(AVAILABLE DATA begins)

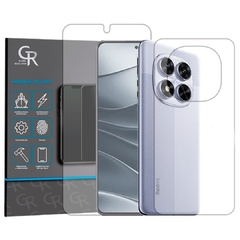 Película Hidroge Frente Verso Para Redmi Note 14 Pro Plus 5G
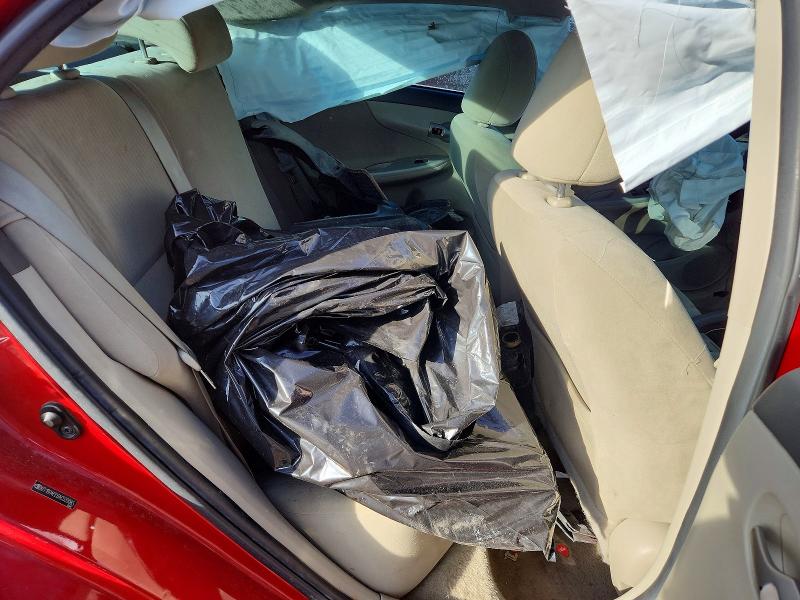 Photo 10 from auction – 2010 TOYOTA COROLLA BA with VIN 2T1BU4EE6AC533065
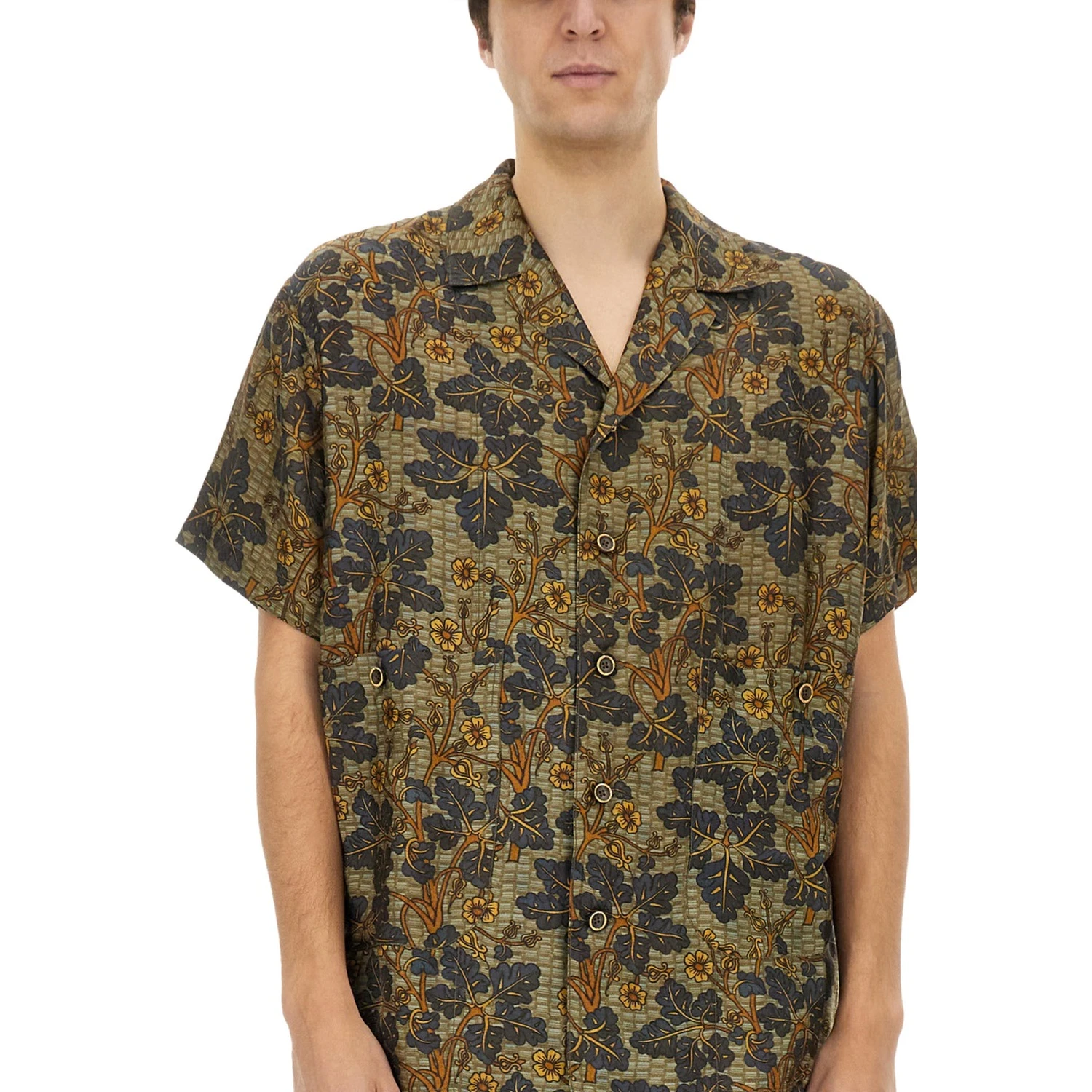 "TERRY" SHIRT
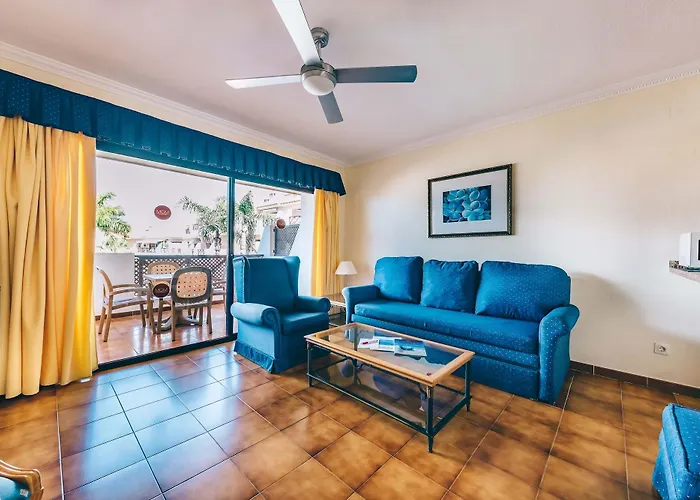 מלון דירות Albatros Golf Del Sur Tenerife 3*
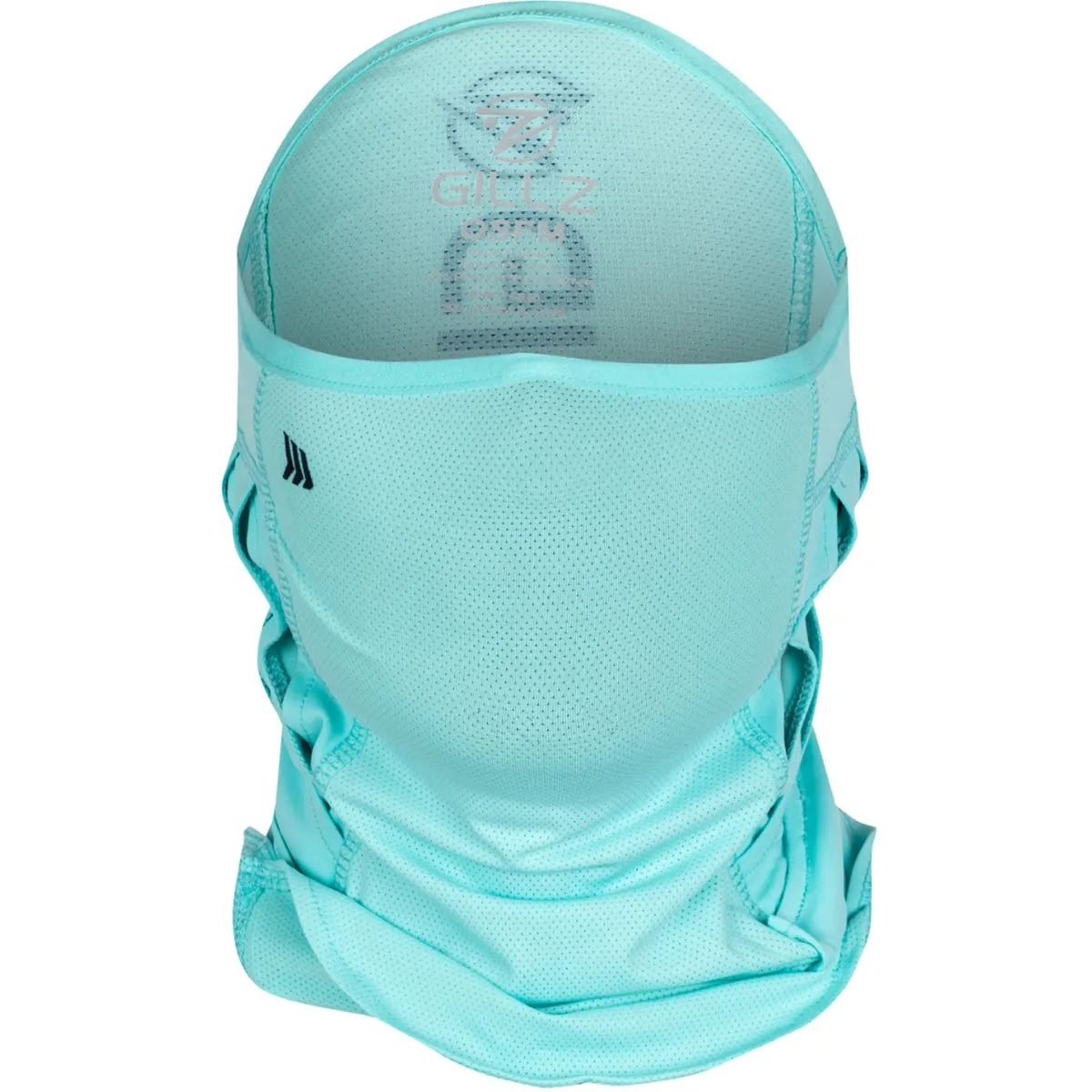 Gillz Elite Fishing Mask - Aruba Blue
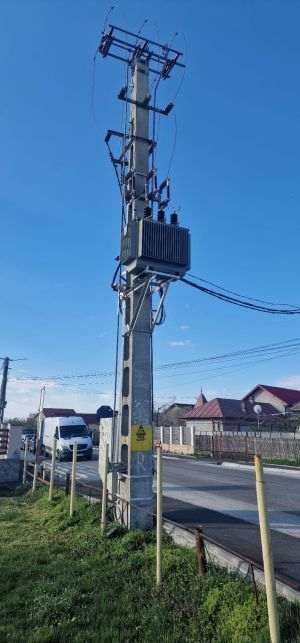 DEER a finalizat o noua lucrare de investitii in judetul Dambovita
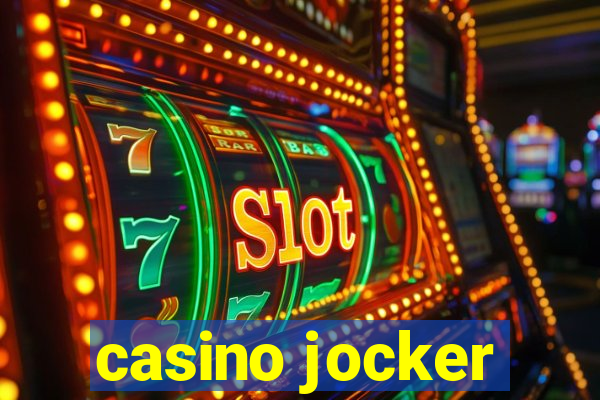 casino jocker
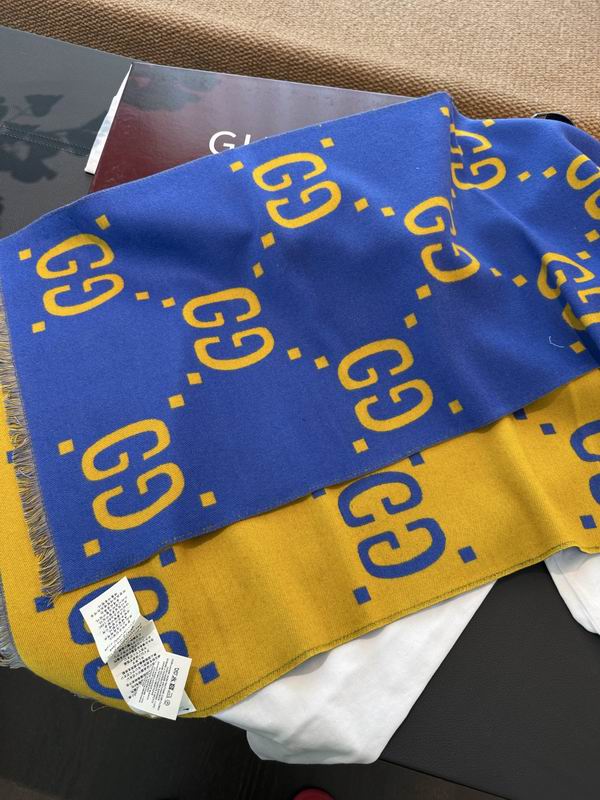 Gucci Scarf 35X190cm E03 (6)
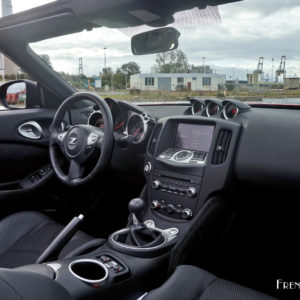 Photo intérieur Nissan 370 Z Roadster (2019)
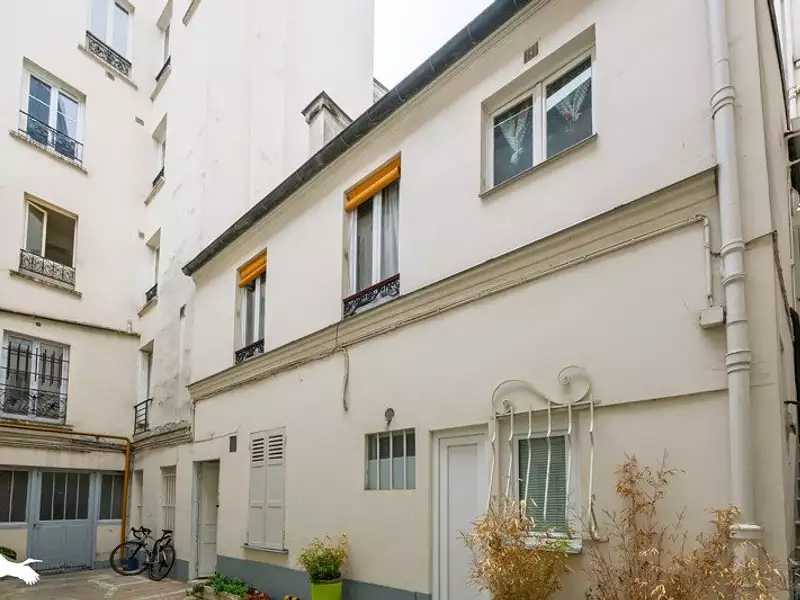 Appartement, 27 m²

(AVAILABLE DATA ends)

● WORK REQUEST
An exact reprint of every record is required, with the pictures omitted.

● EXERCISE OUTPUT
 Película Hidroge Frente Verso Para Redmi Note 14 Pro Plus 5G
 Photo 10 from auction – 2010 TOYOTA COROLLA BA with VIN 2T1BU4EE6AC533065
 "TERRY" SHIRT
 מלון דירות Albatros Golf Del Sur Tenerife 3*
 Gillz Elite Fishing Mask - Aruba Blue
 DEER a finalizat o noua lucrare de investitii in judetul Dambovita
 casino jocker
 Gucci Scarf 35X190cm E03 (6)
 Photo intérieur Nissan 370 Z Roadster (2019)
 Appartement, 27 m²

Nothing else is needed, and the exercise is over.